───── DATASET EXCERPTS

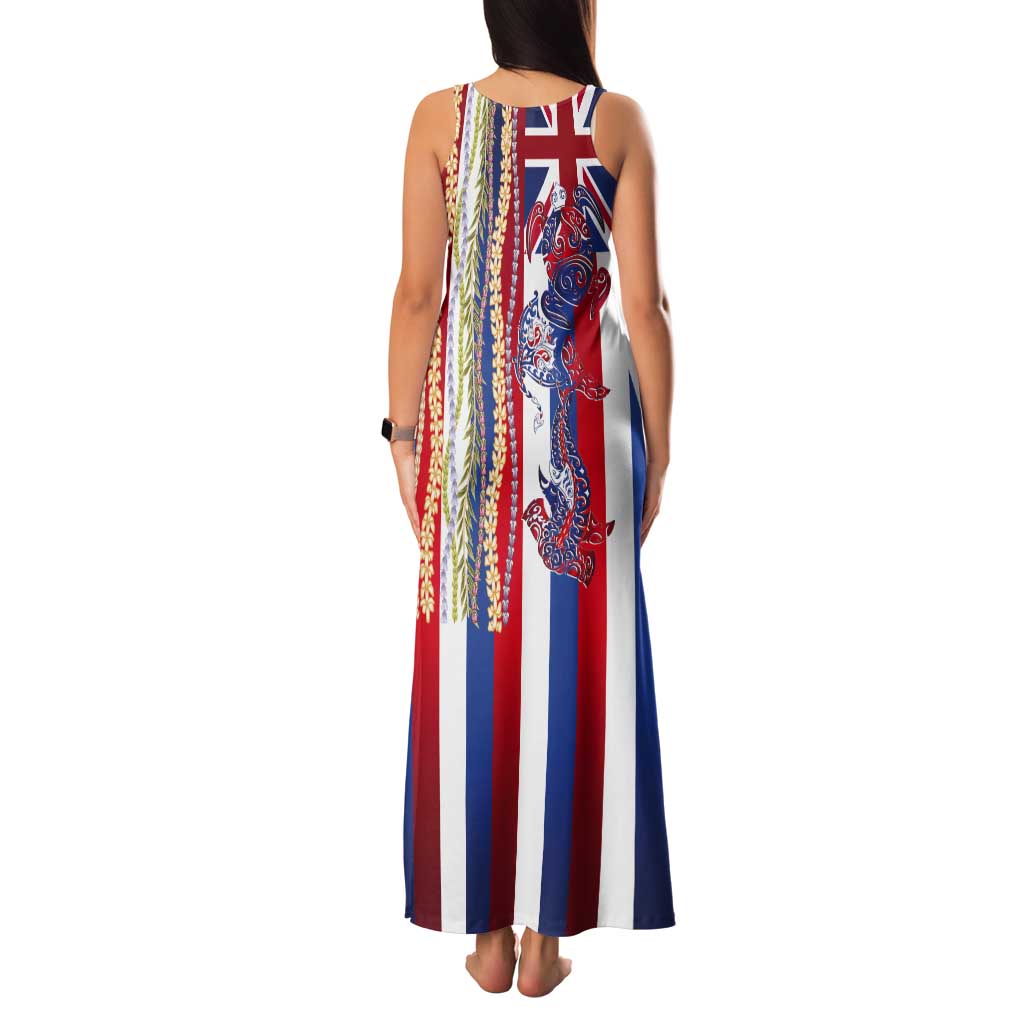 Hawaiian Sea Animals Tank Maxi Dress with Lei and Flag Style LT03 - Polynesian Pride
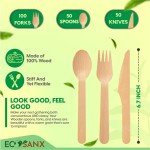 ECOSANX® 200 PCs Disposable Wooden Cutlery set 6.5" Splinter Free Compostable Utensils for party, Eco-Friendly, 100% All-Natural Bamboo Utensils set for picnic, Bamboo cutlery set for Events & More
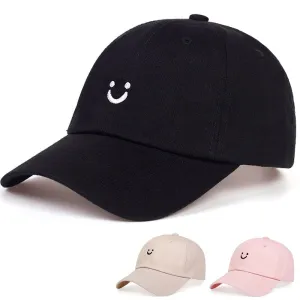 Minimal Smiley Baseball Cap stylish boater hat with ribbon on model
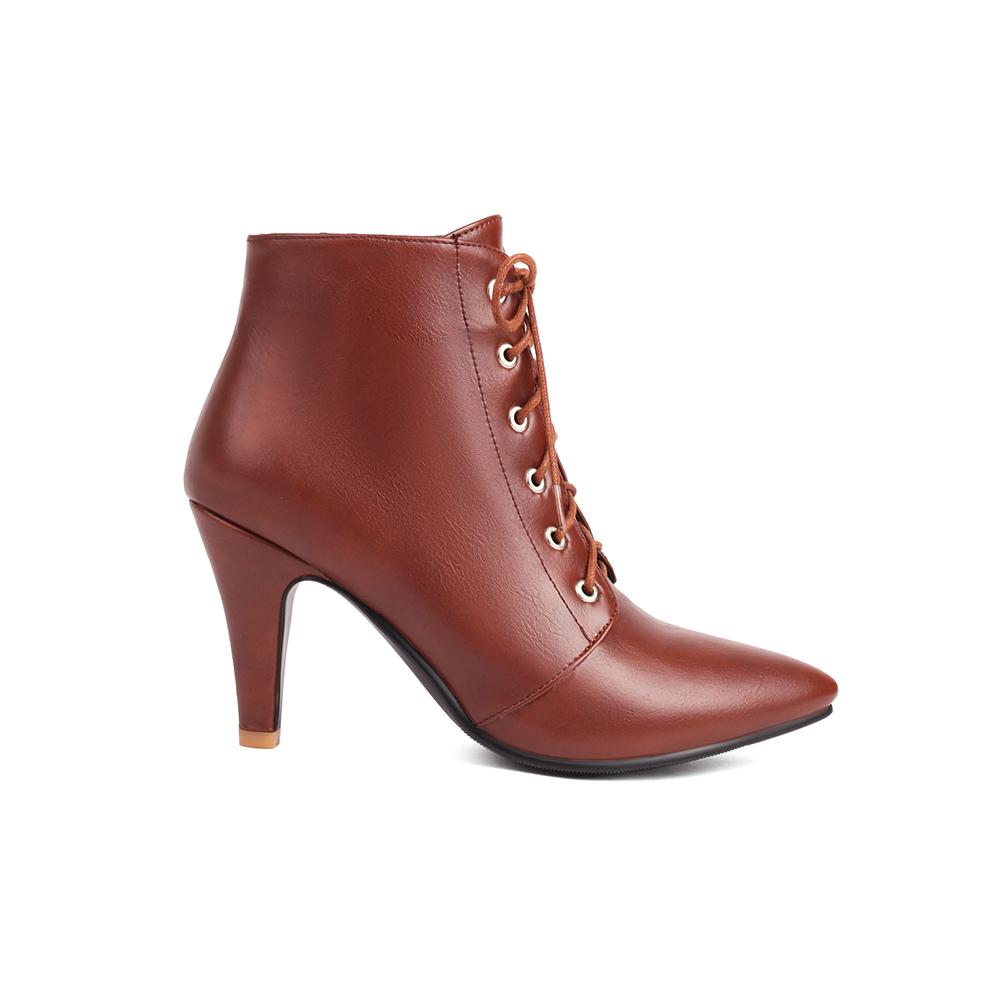 Весенние Коричневые Абрикосовые Женские Ботильоны с Острым Носком на Шнуровке на Высоком Каблуке Маленький Большой Размер 33 47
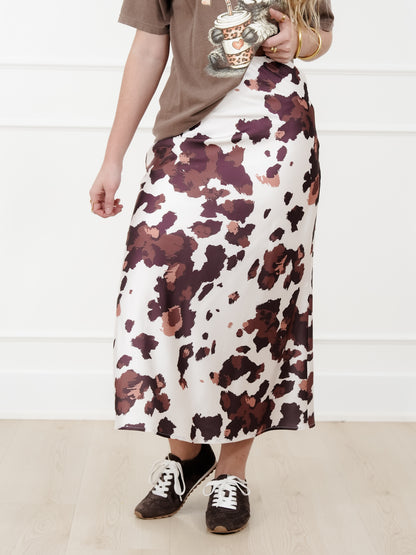 Plus/Reg Satin Cow Print Midi Skirt - Freckled Poppy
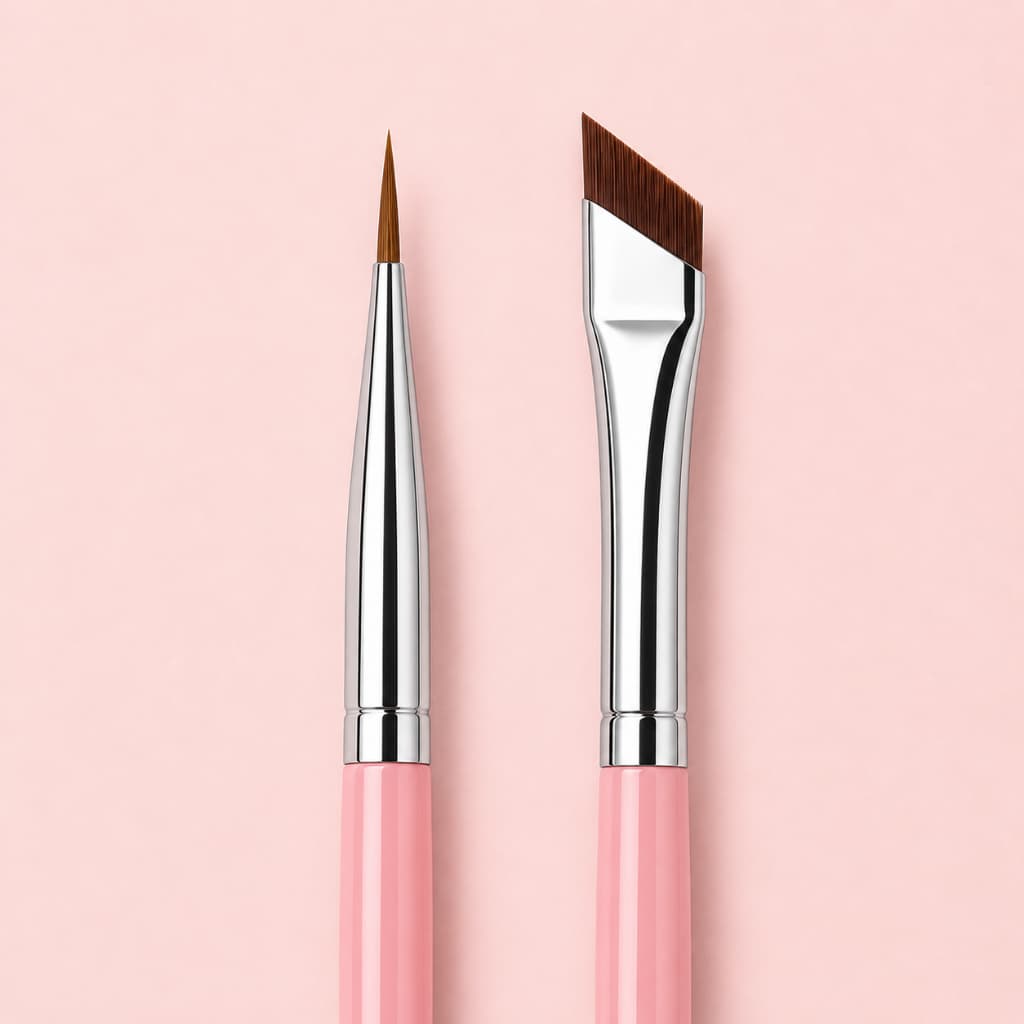 Pincel Rosa Chanfrado Ultrafino Profissional Alta precisão para Sobrancelha Delineador Sombras e olhos gatinho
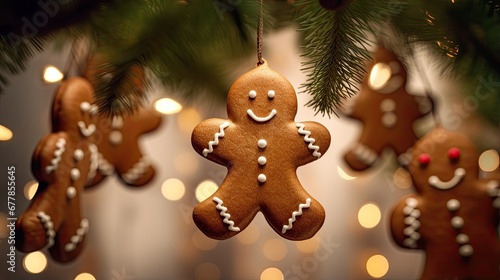 hanging on evergreen tree gingerbread man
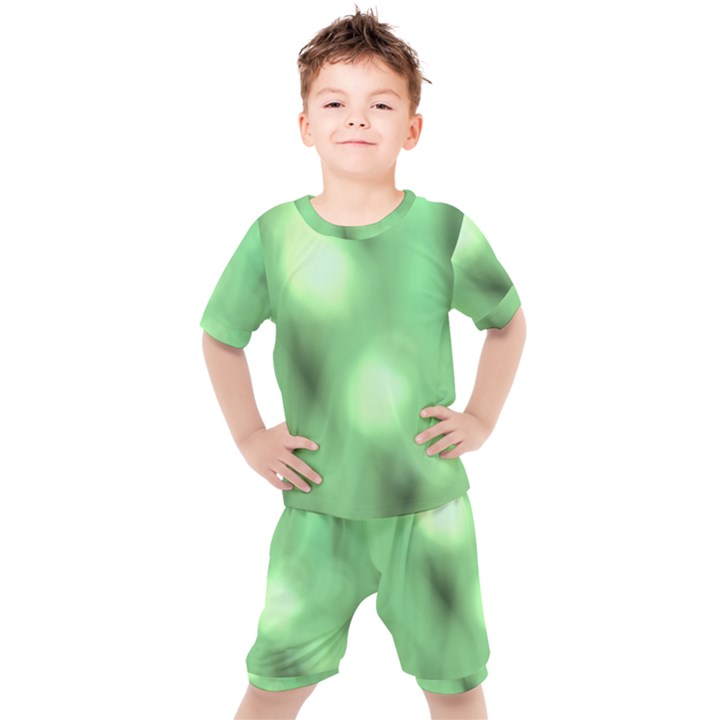 Green Vibrant Abstract No4 Kids  Tee and Shorts Set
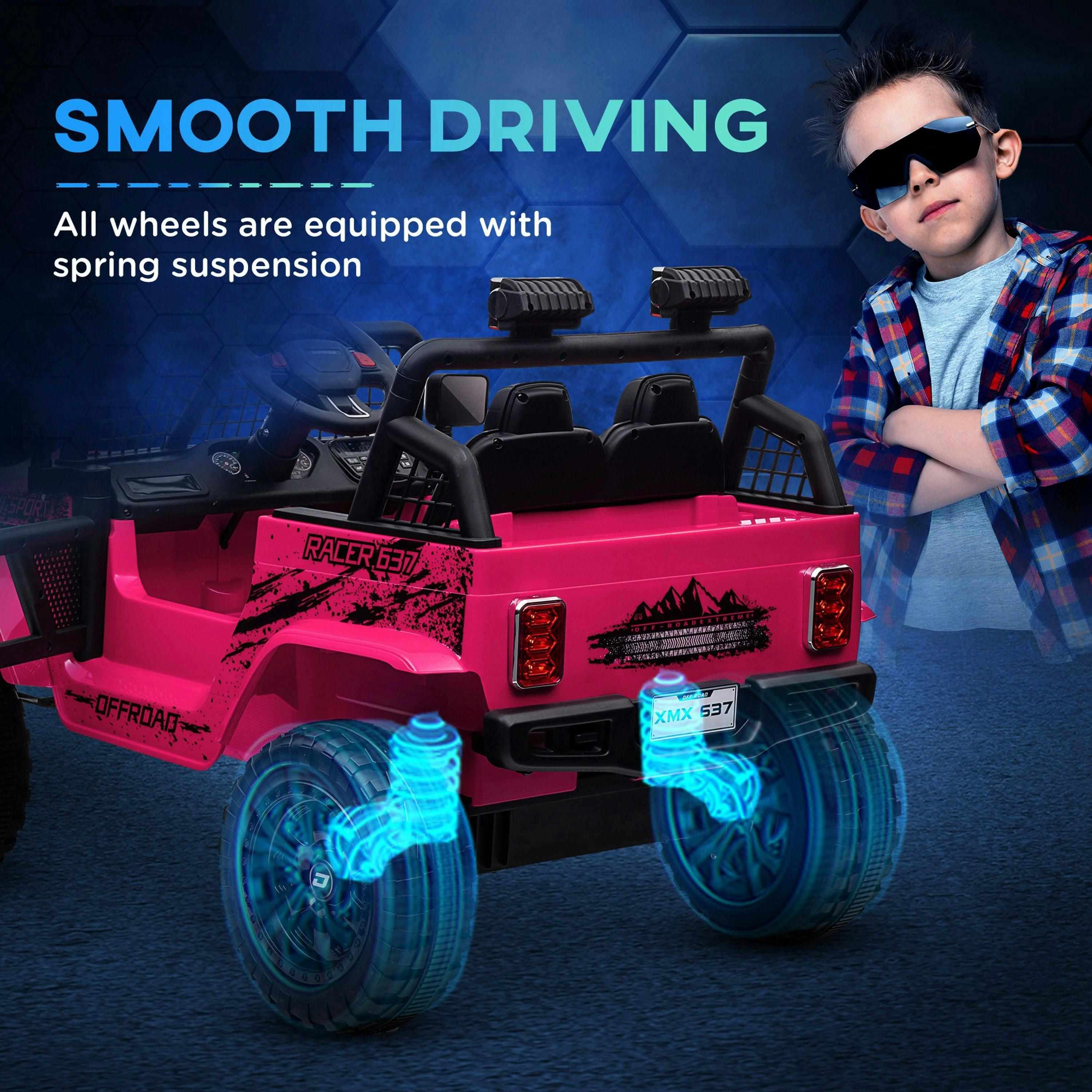 AIYAPLAY Electric Car for Kids, 12V Kids Ride On Car with 4 Spring Suspension Wheels, Parental Remote Control, Music Horn LED Lights, Blue , view 5 of 6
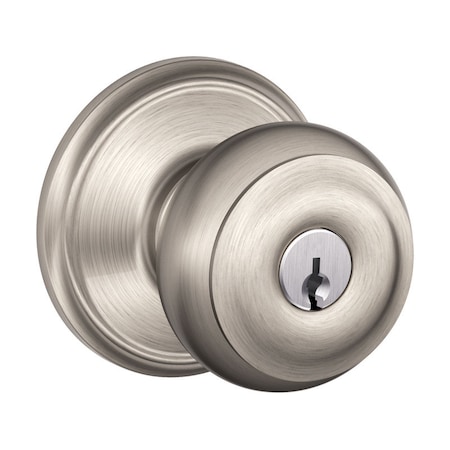 Schlage Schlage Georgian Satin Nickel Entry Door Knob 1-3/4 in. F51VGEO619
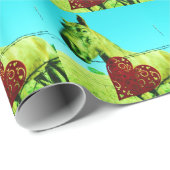 Rood hart en paard cadeaupapier (Rol Hoek)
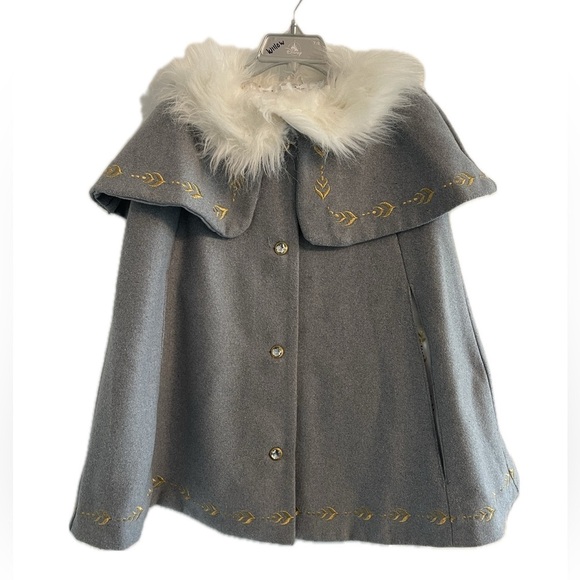 Disney Other - Disney Frozen II Gray Elsa Anna Cape with Faux Fur Collar Girls Size 7/8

──────────

YOUR INSTRUCTIONS :: Set down exactly the lines from the start of the records through the line containing "Plus/Reg Satin Cow", both included, and omit the pictures.

EXPECTED OUTPUT ::
 Hawaiian Sea Animals Tank Maxi Dress with Lei and Flag Style LT03 - Polynesian Pride
 ECOSANX® 200 PCs Disposable Wooden Cutlery set 6.5" Splinter Free Compostable Utensils for party, Eco-Friendly, 100% All-Natural Bamboo Utensils set for picnic, Bamboo cutlery set for Events & More
 Minimal Smiley Baseball Cap stylish boater hat with ribbon on model
 Весенние Коричневые Абрикосовые Женские Ботильоны с Острым Носком на Шнуровке на Высоком Каблуке Маленький Большой Размер 33 47
 Plus/Reg Satin Cow Print Midi Skirt - Freckled Poppy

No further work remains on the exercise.